Illustrated map making #the100dayproject Charleston

I’m over a third of the way through my #the100dayproject – illustrated map making. If you are thinking about making a map, here are some of the things I’ve learned:

  • Decide ahead of time the theme or point of view of the map. For example, is it a map of food destinations, tourist spots, local spots, or a personal map?
  • Research the area to make sure you know what the important places are.
  • Write a list of the places that will be illustrated.
  • How many elements are necessary? I’m still trying to determine how many elements make a good map – make it full but not too cluttered?
  • Decide on the style, color palette, etc. I paint in watercolor and often add details in ink.
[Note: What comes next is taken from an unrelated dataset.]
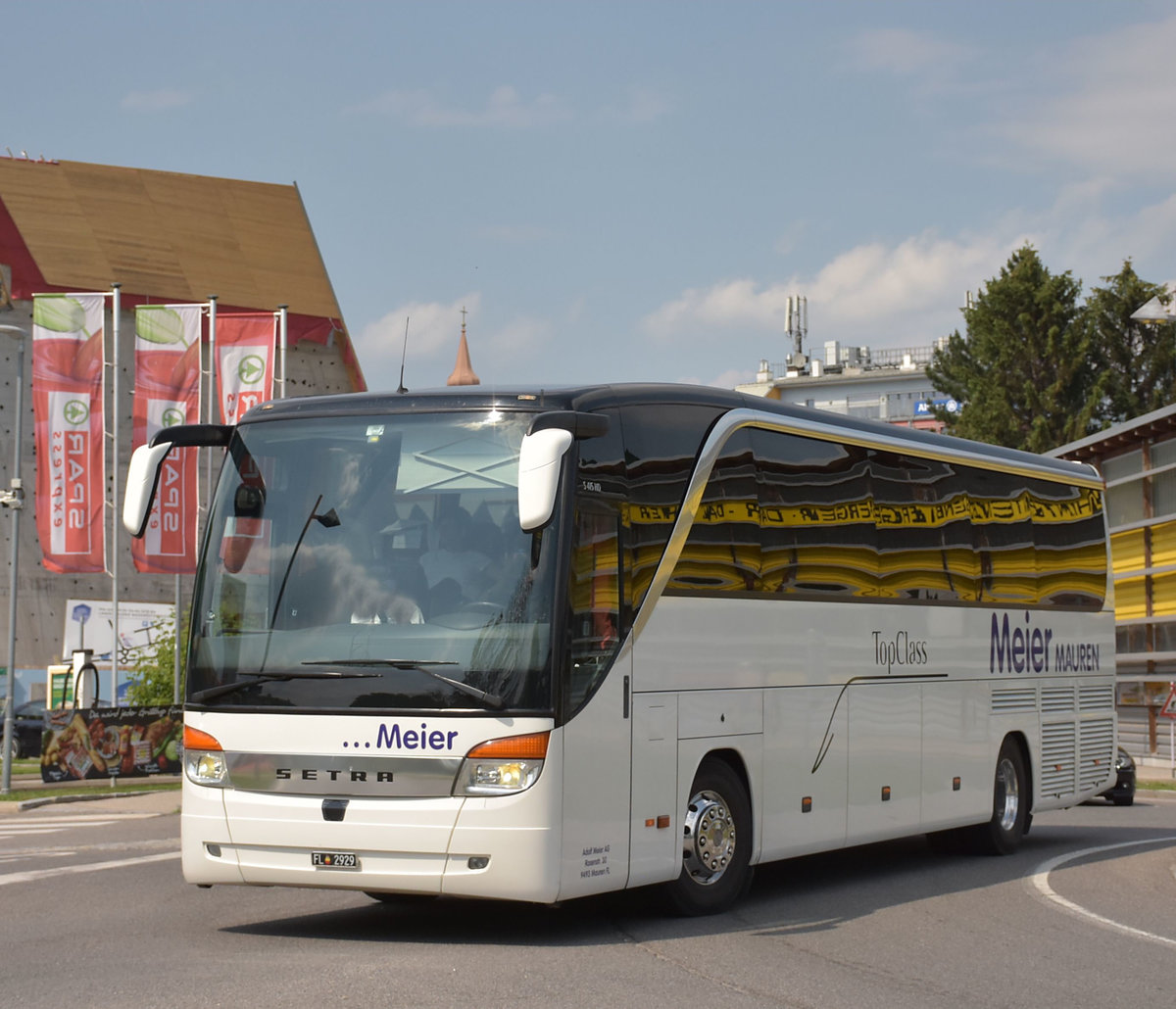 Setra 415 HD von Meier Reisen aus FL 2018 in Krems.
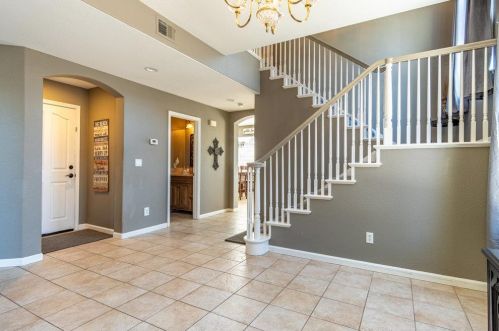 1940 Morning Glory Dr, Hollister CA  95023-7622 exterior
The elements should all be in a similar style.
  • Develop a process. I hand paint the background and all the elements separately and put them together in Photoshop. Text is added on the computer. I create the illustrations at about 3-4” and reduce them. Painting them at this small size allows me to skip details that will be lost when reducing, but also fit some details – that if I worked at 1” I wouldn’t be able to paint or see!
  • Create a schedule. Currently I’m creating one map element per day. Deadlines are my own, but if a map was a commission, it would be helpful to have a schedule. X number of elements created in X number of days plus the time to put it all together on the computer. Allowing buffer time for client input is always a good idea.
  • Composition. Often liberties have to be taken to fit the map. The map doesn’t have to be exact proportions.
  • Create a library of common elements. As I create more maps, I create elements that can be reused – trees, lifeguard chair, beach umbrella. I’m organizing my files to make it easy to find stuff.

So far I’ve worked on maps of:

  • Fire Island, NY – completed
  • Point Lookout, NY – elements completed, all in Photoshop, finalizing needs to be done
  • Nashville, TN – access if more elements need to be created
  • Charleston, SC – currently illustrating the map elements and creating a list

Other map ideas:

  • Long Beach, NY (my hometown)
  • Long Island, NY. Long Island is a large area, trying to think of what the focus of the map would be
  • Maps inspired by trips we’ve taken – Maine or Acadia National Park, National Parks in Utah

How much I’ll accomplish by day 100, I don’t know. I do know that I’ve wanted to create maps for years, but never got past trying for 15 minutes. #the100dayproject gives me the motivation to keep going, work through the process, learn, explore. Starting was easy. Continuing isn’t, but I’m determined to see it through. That can be said for not just the bigger project but finalizing each map. Pushing myself produces results.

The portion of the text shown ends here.